Overseas. I relaxed.
It was a disconcerting experience. Mobs are mobs; fire is fire; death is death whether here or overseas. An Israeli daughter who loses her brother sheds no fewer tears than I would.
Why am I so unconcerned?
Amanda said it could be the ocean--we're so separated, geographically, from the Middle East that it creates an emotional separation as well.
I'd like to think nobly and say that, as a finite human, I cannot be concerned with every horror in the world, else I would burn out. But I don't know if I'm as concerned as I ought to be.
Just yesterday I told a friend--lightheartedly, no less--that abortion would inevitably die out because pro-lifers have more babies than pro-choicers, and eventually we'd vote them out. But what about all the children who are dying before then? Is their pain nothing to me? Distant, too.
Before I overthink this as I often do (and perhaps already have)--I have class at two o'clock--perhaps it isn't so important where I am now.
Perhaps the important thing is where I go. There will never be a time (here, anyway) when I am perfect in charity. So perhaps instead of examining my wretchedness--chief of sinners!--and dwelling in it, I should work to improve.
Does the mob on TV merit wailing that interferes with my schoolwork?
Well, no. But perhaps a brief moment to pray for them and recognize them as human--as made imago Dei--as alteri Christorum.
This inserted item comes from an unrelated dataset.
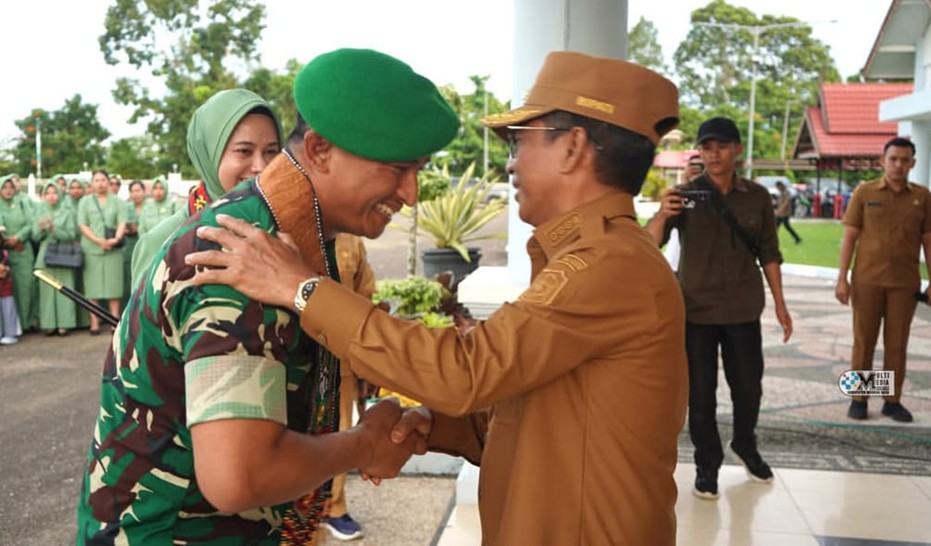 Penyambutan dihadiri langsung oleh Bupati Murung Raya Heriyus bersama Ketua TP-PKK Warnita Heriyus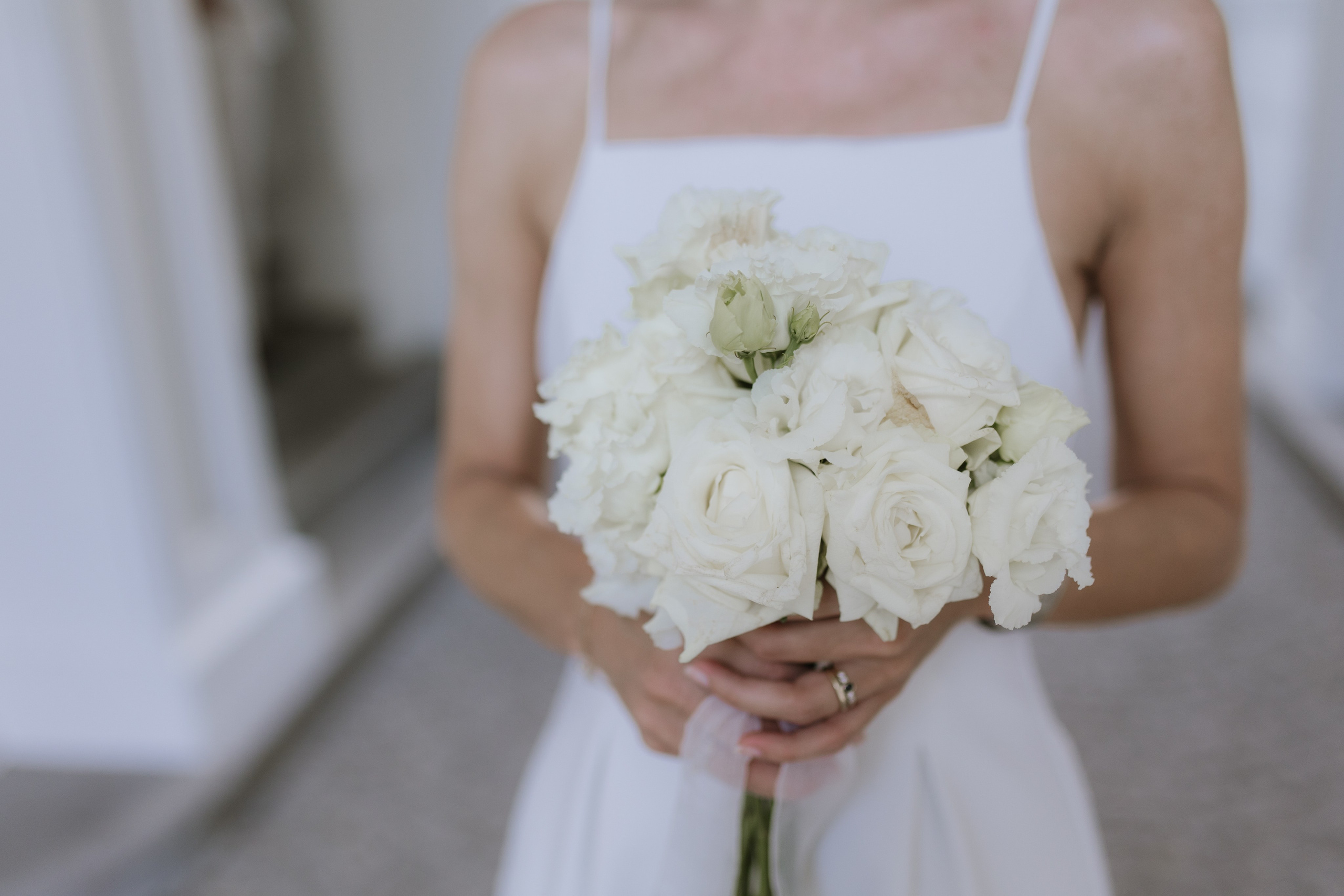 Klassischer weißer Brautstrauß mit Rosen und Lilien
And the king answering shall say to them: Amen I say to you, as long as you did it to one of these my least brethren, you did it to me (Mt. 25:40).
That much I can do.
For him.
[addendum]
The very same thoughts and feelings were racing through my mind last night as I watched "Scream Bloody Murder," a mini-doc on different instances of genocide (Germany, Bosnia, Darfur, etc...,) on CNN. On one hand I feel, how do we sit back and let this happen to hundreds of thousands of people as we go an with normal daily life; on the other, I've come to the conclusion that it's truly impossible to believe that we as Americans can save everybody, nor should we have to, especially considering the fact that our country is far from perfect. It's hard to figure out the boundary between detachment and indifference.